As road trips go, nothing to write home about.

A misanthropic rock star on the back end of his career discovers that touring the world’s backwaters isn’t much fun.

Caustic rocker-turned-writer Parker ill-advisedly revives Brian Porker, the semiautobiographical character featured in his story collection, Carp Fishing on Valium (2000). In reduced financial straits, the bile-filled yet compliant Porker undertakes a series of far-flung tours engineered by his ever-baffling manager Tarquin Steed, and a perplex of misadventures develops. In Sweden, Porker is hypnotized by Ba’hai cultists, who believe him to be the reincarnation of their prophet. In Tasmania, his soundman Carruthers purloins a rare wolf-dog, which becomes a prize coveted by a cabal of wealthy sybarites the touring party encounters in Iceland. These three nonsensical, lugubriously developed plot strands come together in a chaotic and pointless finale that returns the principals to the Tasmanian outback. It’s an agonizing odyssey, mainly because Porker isn’t very good company. Parker’s lyrical venom plays well in a three-minute song, but his fictional surrogate grows wearisome over the elongated course of the novel as he rails incessantly against religious zealots, record company toadies, punk bands, guitar and lighting technicians, stewardesses, in-flight bores, attorneys, and anyone else who rubs him the wrong way.
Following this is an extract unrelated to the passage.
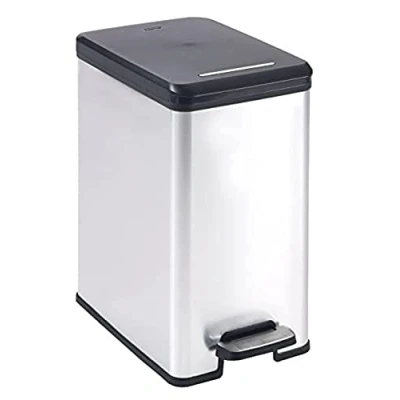 Image of CURVER DECO SLIM Plastic Bin Metallic Silver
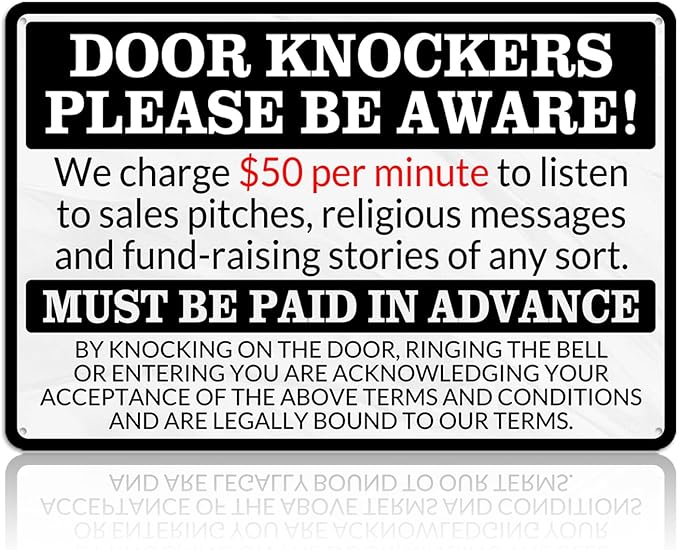 No Soliciting Sign for House Front Door - Funny Metal Tin Signs Room Decor Door Knockers Please Be Aware Warning Yard Sign, Home Bedroom Wall Art Decorations 8x12 Inch-StrideForce Fitness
The sour, generally humorless tone is only slightly dispelled by some overwrought but occasionally droll descriptions of Porker’s misbegotten gigs in the hinterlands, by Steed’s sleight-of-hand business ploys, and by Carruthers’s bizarre north-of-England patois. The lazily told tale is also marred by indolent editing mistakes sure to put off readers: Though set in 1983–84, there are anachronistic allusions to Sinead O’Connor, the Icelandic band the Sugar Cubes, the drug Ecstasy, and digital recording, all of which came to the fore in the ’90s.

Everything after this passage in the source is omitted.